Problem statement: Filter these entries down to the lines that hold the word "Cute", and show each of them.

[[ Provided entries, beginning ]]

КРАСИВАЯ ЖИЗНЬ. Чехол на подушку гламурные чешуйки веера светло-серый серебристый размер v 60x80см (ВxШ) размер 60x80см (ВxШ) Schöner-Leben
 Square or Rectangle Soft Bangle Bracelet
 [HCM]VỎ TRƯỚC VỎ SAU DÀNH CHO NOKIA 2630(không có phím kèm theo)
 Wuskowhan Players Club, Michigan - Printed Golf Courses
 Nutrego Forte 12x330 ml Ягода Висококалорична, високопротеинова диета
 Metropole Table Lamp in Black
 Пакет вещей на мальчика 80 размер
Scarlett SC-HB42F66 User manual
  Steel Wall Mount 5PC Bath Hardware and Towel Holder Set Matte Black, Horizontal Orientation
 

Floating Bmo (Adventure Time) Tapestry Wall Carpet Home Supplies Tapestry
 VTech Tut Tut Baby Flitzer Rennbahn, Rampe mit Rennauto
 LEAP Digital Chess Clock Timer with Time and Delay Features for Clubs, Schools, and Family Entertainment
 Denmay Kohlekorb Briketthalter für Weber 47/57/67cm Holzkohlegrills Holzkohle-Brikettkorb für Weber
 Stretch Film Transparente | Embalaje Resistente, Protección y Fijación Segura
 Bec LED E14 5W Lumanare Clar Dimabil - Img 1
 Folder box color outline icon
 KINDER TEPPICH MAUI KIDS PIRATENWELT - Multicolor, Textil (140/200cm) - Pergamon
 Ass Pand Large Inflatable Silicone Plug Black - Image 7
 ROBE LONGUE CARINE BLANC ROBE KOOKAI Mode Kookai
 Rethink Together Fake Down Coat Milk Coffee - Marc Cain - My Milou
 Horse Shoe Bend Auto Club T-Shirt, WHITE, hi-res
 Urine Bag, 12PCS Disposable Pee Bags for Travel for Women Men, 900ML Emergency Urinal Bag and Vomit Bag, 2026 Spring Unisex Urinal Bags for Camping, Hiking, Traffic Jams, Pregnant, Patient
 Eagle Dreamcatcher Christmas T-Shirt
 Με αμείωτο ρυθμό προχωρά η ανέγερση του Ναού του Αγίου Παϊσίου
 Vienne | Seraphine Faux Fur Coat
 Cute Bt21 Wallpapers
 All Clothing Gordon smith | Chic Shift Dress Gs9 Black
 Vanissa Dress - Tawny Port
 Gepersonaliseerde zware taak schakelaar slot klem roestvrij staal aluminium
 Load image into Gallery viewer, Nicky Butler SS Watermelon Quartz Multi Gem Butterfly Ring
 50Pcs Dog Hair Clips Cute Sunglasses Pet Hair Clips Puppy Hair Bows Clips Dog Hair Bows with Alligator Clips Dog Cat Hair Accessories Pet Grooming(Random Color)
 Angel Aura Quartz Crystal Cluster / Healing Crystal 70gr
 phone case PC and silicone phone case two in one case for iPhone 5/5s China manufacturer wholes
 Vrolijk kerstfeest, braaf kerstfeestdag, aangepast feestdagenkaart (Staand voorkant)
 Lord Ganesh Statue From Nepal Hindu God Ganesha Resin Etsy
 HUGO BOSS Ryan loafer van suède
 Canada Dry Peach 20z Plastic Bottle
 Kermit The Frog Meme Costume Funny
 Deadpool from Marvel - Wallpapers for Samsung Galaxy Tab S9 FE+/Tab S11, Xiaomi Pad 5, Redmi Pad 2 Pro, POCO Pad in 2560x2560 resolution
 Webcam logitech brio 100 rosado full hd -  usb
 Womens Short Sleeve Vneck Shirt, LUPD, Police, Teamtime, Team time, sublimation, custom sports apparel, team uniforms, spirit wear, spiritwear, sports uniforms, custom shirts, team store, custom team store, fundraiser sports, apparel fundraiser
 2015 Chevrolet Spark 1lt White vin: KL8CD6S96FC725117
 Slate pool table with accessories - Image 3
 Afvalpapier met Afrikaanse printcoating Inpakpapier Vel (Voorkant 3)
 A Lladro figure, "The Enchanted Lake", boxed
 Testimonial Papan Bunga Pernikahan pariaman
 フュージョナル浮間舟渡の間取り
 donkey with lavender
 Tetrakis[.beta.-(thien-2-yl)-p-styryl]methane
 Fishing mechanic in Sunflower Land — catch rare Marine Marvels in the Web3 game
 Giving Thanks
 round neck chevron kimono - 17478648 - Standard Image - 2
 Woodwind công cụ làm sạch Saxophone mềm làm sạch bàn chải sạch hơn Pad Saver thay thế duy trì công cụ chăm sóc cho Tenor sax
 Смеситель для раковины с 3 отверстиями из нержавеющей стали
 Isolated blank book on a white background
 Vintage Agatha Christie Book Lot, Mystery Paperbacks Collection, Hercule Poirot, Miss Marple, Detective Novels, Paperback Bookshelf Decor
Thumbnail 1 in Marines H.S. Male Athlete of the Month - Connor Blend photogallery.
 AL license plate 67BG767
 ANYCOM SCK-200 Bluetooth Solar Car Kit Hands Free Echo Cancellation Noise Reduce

[[ Provided entries, end ]]

Output:
 Cute Bt21 Wallpapers
 50Pcs Dog Hair Clips Cute Sunglasses Pet Hair Clips Puppy Hair Bows Clips Dog Hair Bows with Alligator Clips Dog Cat Hair Accessories Pet Grooming(Random Color)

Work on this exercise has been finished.